Рыба даже дернул себя за нос – таким умным и хитрым он себе показался. Но, спустя мгновение пришлось бить себя по лбу: не все так просто, рыбец, не все так просто! Вера Рашидовна, в отличие от Рыбы-Молота, никогда не жила одна. Разве что – в юности, изрядно подмоченной портвейном «Три топора» и еще бог весть какими вещами. Но юность давно закончилась, и ей на смену пришла зрелость с испанским и итальянским мужьями в активе, а также зрелость-зрелость с хорошо отлаженным бизнесом и личными телохранителями.
Два платяных шкафа, снабженные головой (и – что важнее – кулаками), стояли перед Рыбой-Молотом как живые. Нисколько не напрягаясь, он мог вспомнить их бычьи шеи, на которых не сходился ворот рубахи, грудные клетки размером со стиральную машину фронтальной загрузки и наколки на руках; сломанные уши, сломанные носы и тупые раздвоенные подбородки.
Бедолага-официант виделся Рыбе не столь ясно, – кроме разве что одной-единственной детали: наручников.
Эта деталь, этот символ униженности одних и произвола других, слепила глаза.

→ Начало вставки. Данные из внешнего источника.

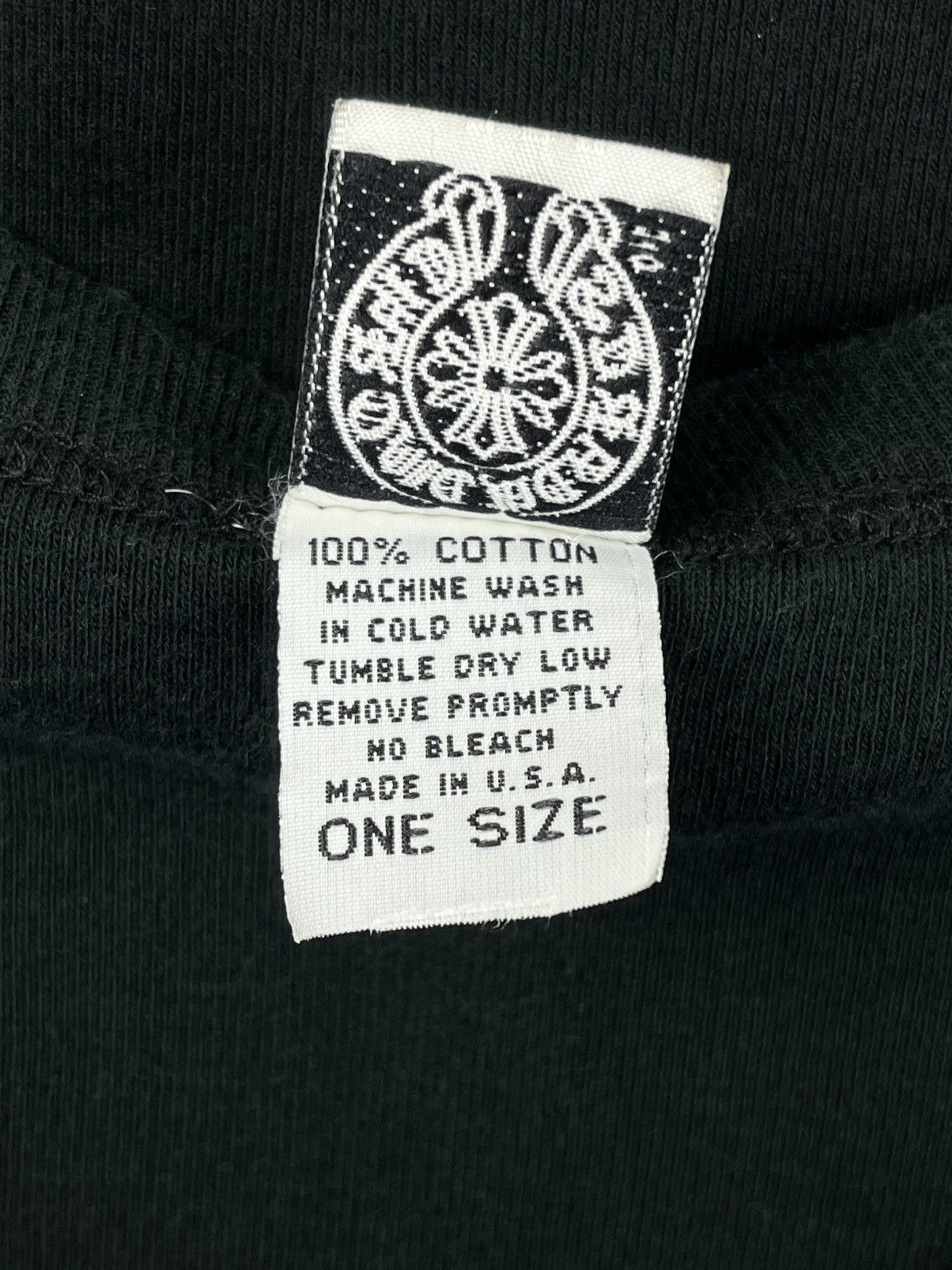 Chrome Hearts Chrome Hearts Floral Cross V Neck Tank Top Black Size ONE SIZE - 7 Thumbnail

Нет никаких гарантий, что Рыба-Молот, изрыгни он из себя «мне необходимо время, чтобы подумать», не повторит горестную судьбу официанта. Причем Вера Рашидовна, науськиваемая злыми духами нгылека, сделает это из самых лучших побуждений: в наручниках мыслительные процессы всегда идут энергичнее.
А двое ее подручных (опять же, из самых лучших побуждений) еще и поддадут под ребра, навесят фингалов, пересчитают зубы и не предложат после этого даже баралгина в качестве обезболивающего. Потому как известно, что хорошо зафиксированный пациент в анестезии не нуждается.
Остается, конечно, надежда, что в качестве анестезиологов выступят духи нгылека. А вдруг – не выступят? Кто знает, что на уме у этих самодийских козлищ с извращенными понятиями о добре и зле? Вернее – с полным их отсутствием.